🤖 AI Summary
This work proposes MolCrystalFlow, a flow-matching–based generative model for molecular crystal structure prediction that addresses the challenges posed by large molecular size and complex intra- and intermolecular interactions. By treating molecules as rigid bodies, the method decouples intramolecular conformations from intermolecular packing and jointly learns the lattice matrix, molecular orientations, and centroid positions. MolCrystalFlow uniquely integrates geodesic flows on Riemannian manifolds with graph neural networks—the first such approach in molecular crystal generation—to rigorously preserve geometric symmetries. It also enables seamless incorporation of general machine learning potentials to accelerate sampling. Evaluated on two open-source datasets, the model significantly outperforms current state-of-the-art generative and rule-based methods, substantially improving the efficiency of predicting large-scale periodic crystal structures.
📝 Abstract
Molecular crystal structure prediction represents a grand challenge in computational chemistry due to large sizes of constituent molecules and complex intra- and intermolecular interactions.
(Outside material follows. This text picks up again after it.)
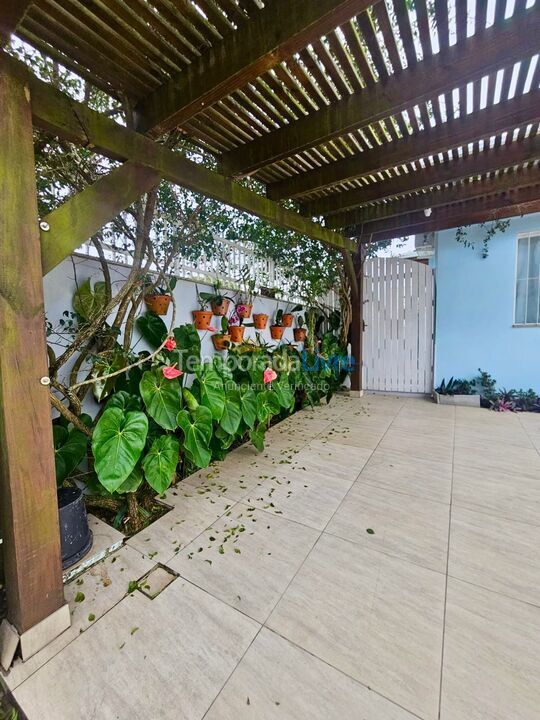House for vacation rental in Bombinhas (Praia de Zimbros)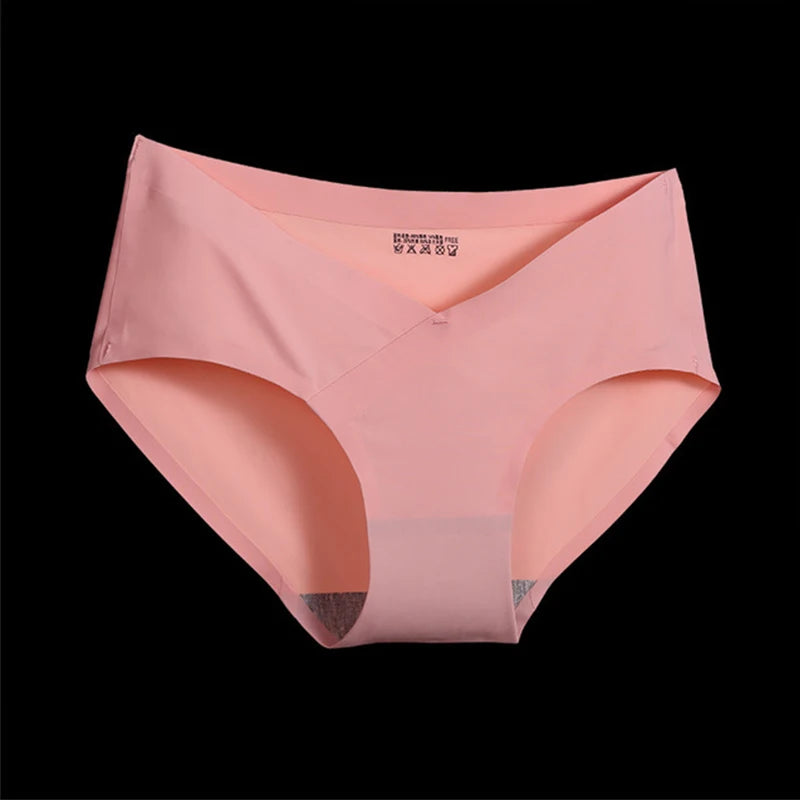 Bump Bliss – Seamless Low-Waist Maternity Briefs for Maximum Comfort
While generative modeling has revolutionized structure discovery for molecules, inorganic solids, and metal-organic frameworks, extending such approaches to fully periodic molecular crystals is still elusive. Here, we present MolCrystalFlow, a flow-based generative model for molecular crystal structure prediction. The framework disentangles intramolecular complexity from intermolecular packing by embedding molecules as rigid bodies and jointly learning the lattice matrix, molecular orientations, and centroid positions. Centroids and orientations are represented on their native Riemannian manifolds, allowing geodesic flow construction and graph neural network operations that respects geometric symmetries. We benchmark our model against state-of-the-art generative models for large-size periodic crystals and rule-based structure generation methods on two open-source molecular crystal datasets. We demonstrate an integration of MolCrystalFlow model with universal machine learning potential to accelerate molecular crystal structure prediction, paving the way for data-driven generative discovery of molecular crystals.